Directed by

Andrew Haigh

Runtime

106 Minutes

Rated

R

Love & Other Voids

Transcending genres, Andrew Haigh’s “All of Us Strangers” ends up being a masterful, if surprisingly surreal, insight into the feeling of melancholia, and the longing for companionship and queer acceptance.
June 2, 2024
 / 
Ankit Ojha

If two words could perfectly encapsulate viewers’ feelings as writer-director Andrew Haigh’s fifth feature film “All of Us Strangers” kickstarts, it would be ennui and melancholia. Screenwriter Adam (Andrew Scott; “1917,” 2019) lives a painfully slow, rote, and virtually empty life in a mostly empty building—save for its only other resident, Harry (Paul Mescal; “Aftersun,” 2022), a chance encounter with whom his life turns into a whirlwind romance.

The ennui may fade away—save for residue—with the progress of the film’s runtime, but the melancholia remains and often manages to hit you like a ton of bricks when you least expect it from the narrative. Cinematographer Jamie D. Ramsay (“Living,” 2022), through his textured, jaw-droppingly gorgeous frames, makes some artistically inspired choices with reflections to paint a haunting, tragic picture of loneliness and its endless echoes that throw us into a feedback loop that both comfortable—and challenging—to get out of.

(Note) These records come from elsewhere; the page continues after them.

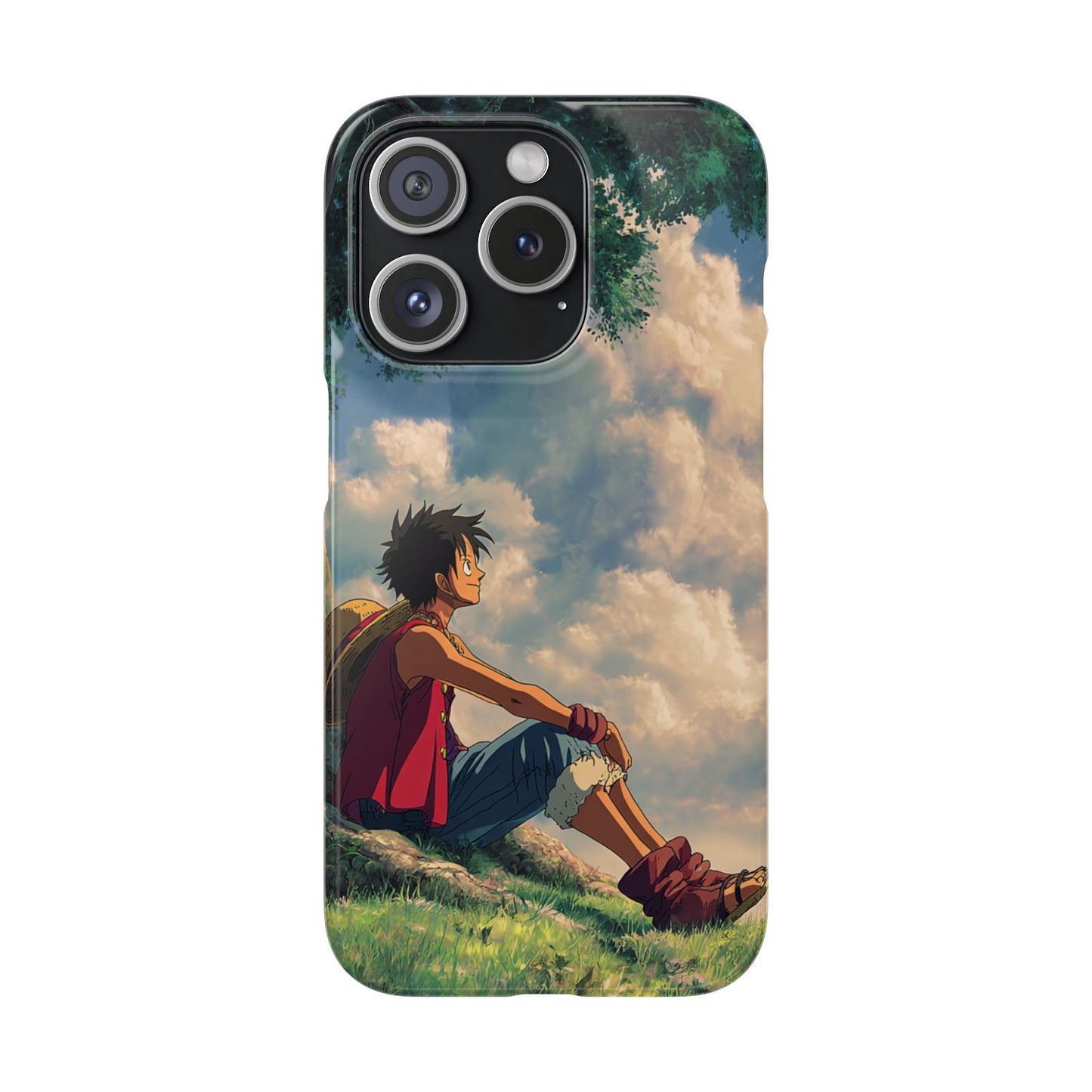 Anime Snap Case for Fans, Fantasy Phone Cover, Unique Gift for Gamers, Cute Accessories, Travelers' Keepsake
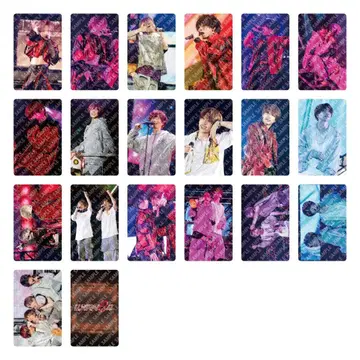 우라시마사카타센 여름 포토 카드 10장 미개봉 새상품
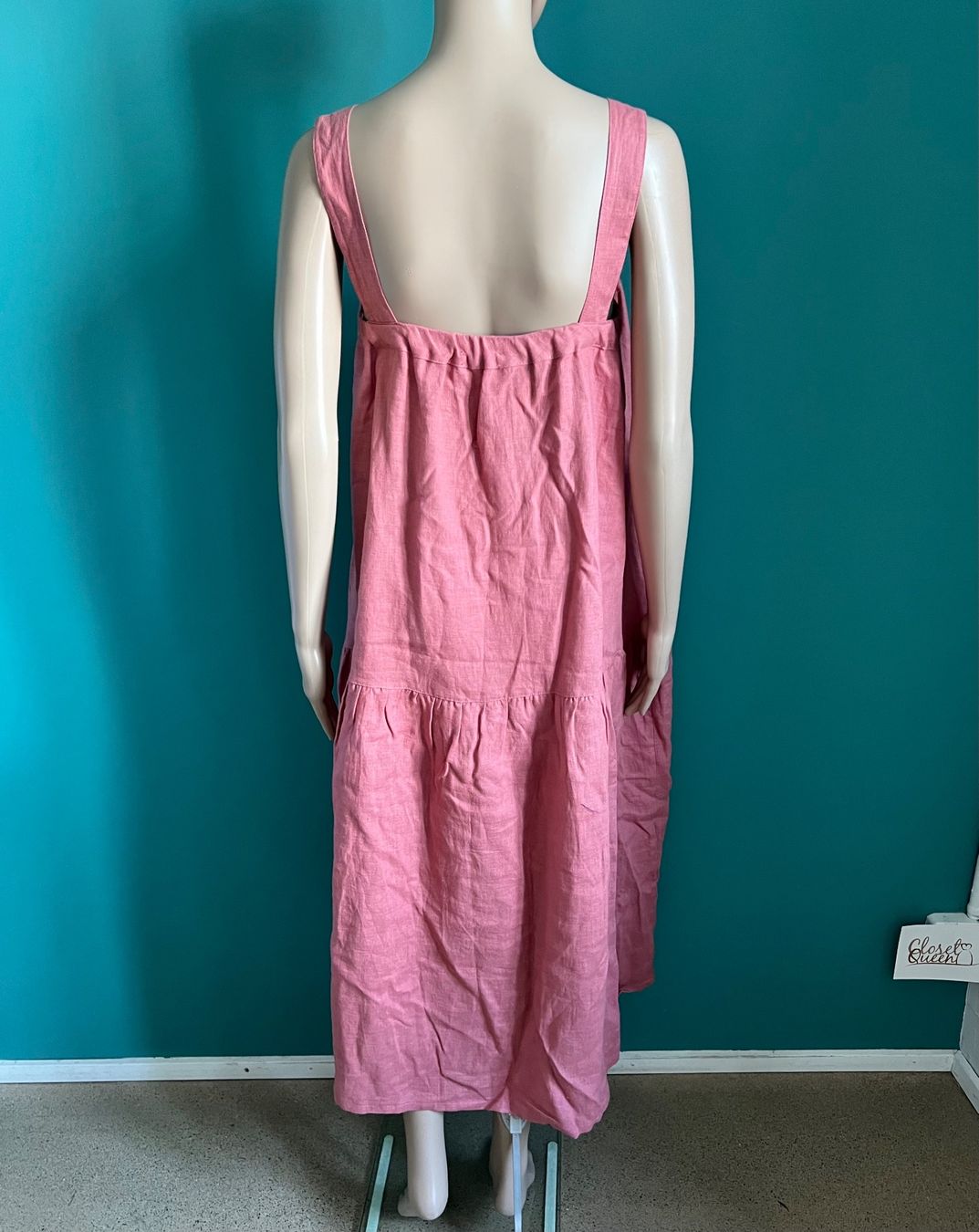 Vestiti: KONDI Kleid | 100% Leinen 💗 – Usato da Zürich venduto da ClosetQueen 4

Haigh, who adapts from Taichi Yamada’s Japanese language novel “Ijintachi To No Natsu” (Eng. Title: “Strangers,” 1987), gives Scott’s protagonist a rich sense of history—this, however, doesn’t turn either the characters around him into one-dimensional caricatures. Played with splendid conviction by Claire Foy (“Women Talking,” 2022) and Jamie Bell (“Rocketman,” 2019), Adam’s parents are complemented by a stunningly penned and executed subplot that has the power to potentially throw you off simply because of the drastically different image system it sports. Foy and Bell are incredible, and their performances exude an aura that is simultaneously comforting, guilt-wracked, and resentful.

All of Us Strangers
Endless Reflection // (Left-Right) Paul Mescal and Andrew Scott in a still from Andrew Haigh’s All of Us Strangers, a Film4, TSG Entertainment, Blueprint Pictures, and Searchlight Pictures film.

Towards the end of their arc in the final act, when the narrative finally unravels itself, is when the film, both a love story and an inversion of the coming-of-age tale, turns its own devastating meditation of love, longing, and loss into something more profound and lingering. Haigh’s narrative for “All of Us Strangers” may have begun with a lonely man longing for companionship bumping into the only other human being in an otherwise empty tower, prepping its audience up for a sweet, if sad and introspective romance. What we end up with, however, is so much more.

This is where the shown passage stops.